Description of problem: Our application runs on OSD and targets a multi-AZ (with 3 zones) cluster for resiliency purposes. It implements its own ingresscontrollers following the sharded pattern described in the OpenShift documentation. https://docs.openshift.com/container-platform/4.5/networking/ingress-operator.html#nw-ingress-sharding_configuring-ingress When ingress is scaled to 3 replicas (spec.replicas in the IngressController) 1 replica get created per AZ. However, if the replicas are scaled to, say 6, sometimes the resulting ingress pods aren't balanced across from the zones: oc get nodes $(oc get pods -n openshift-ingress -l ingresscontroller.operator.openshift.io/deployment-ingresscontroller=sharded -o jsonpath='{range .items[*]} {.spec.nodeName}{"\n"}') -o jsonpath='{range .items[*]} {.metadata.name} {" "} {.metadata.labels.failure-domain\.beta\.kubernetes\.io/zone} {"\n"} {end}' ip-10-0-154-239.ec2.internal us-east-1a ip-10-0-145-224.ec2.internal us-east-1a ip-10-0-207-167.ec2.internal us-east-1c ip-10-0-140-78.ec2.internal us-east-1a ip-10-0-213-39.ec2.internal us-east-1c ip-10-0-165-73.ec2.internal us-east-1b (notice the imbalance on 1a (3 instance) and 1b(1)) There doesn't seem to be a method to influence this from the ingresscontrollers config. I think I need a method to specify https://docs.openshift.com/container-platform/4.6/nodes/scheduling/nodes-scheduler-pod-topology-spread-constraints.html Steps to Reproduce: 1. Implement sharded ingress as per docs. 2. Scale to 6 replicas 3. Run the command above 4. Sometime the ingress pods are out of balance. How reproducible: 50% Actual results: As above Expected results: Balanced ingress across the multi-AZ cluster Additional info:
We'll look into this in the upcoming sprint.

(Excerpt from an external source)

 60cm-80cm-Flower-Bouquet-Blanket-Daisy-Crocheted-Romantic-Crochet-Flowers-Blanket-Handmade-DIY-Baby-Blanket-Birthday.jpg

We don't want to prevent scheduling more replicas than there are AZs, so we should use "ScheduleAnyway". We can use a label selector with the deployment's hash so that replicas from the same generation of the same ingresscontroller are spread out, if possible. So we could do something like the following: spec: topologySpreadConstraints: - maxSkew: 1 topologyKey: topology.kubernetes.io/zone whenUnsatisfiable: ScheduleAnyway labelSelector: matchLabels: "ingresscontroller.operator.openshift.io/hash": <hash> I'll look into this for the next release.
I'll work on this in the upcoming sprint.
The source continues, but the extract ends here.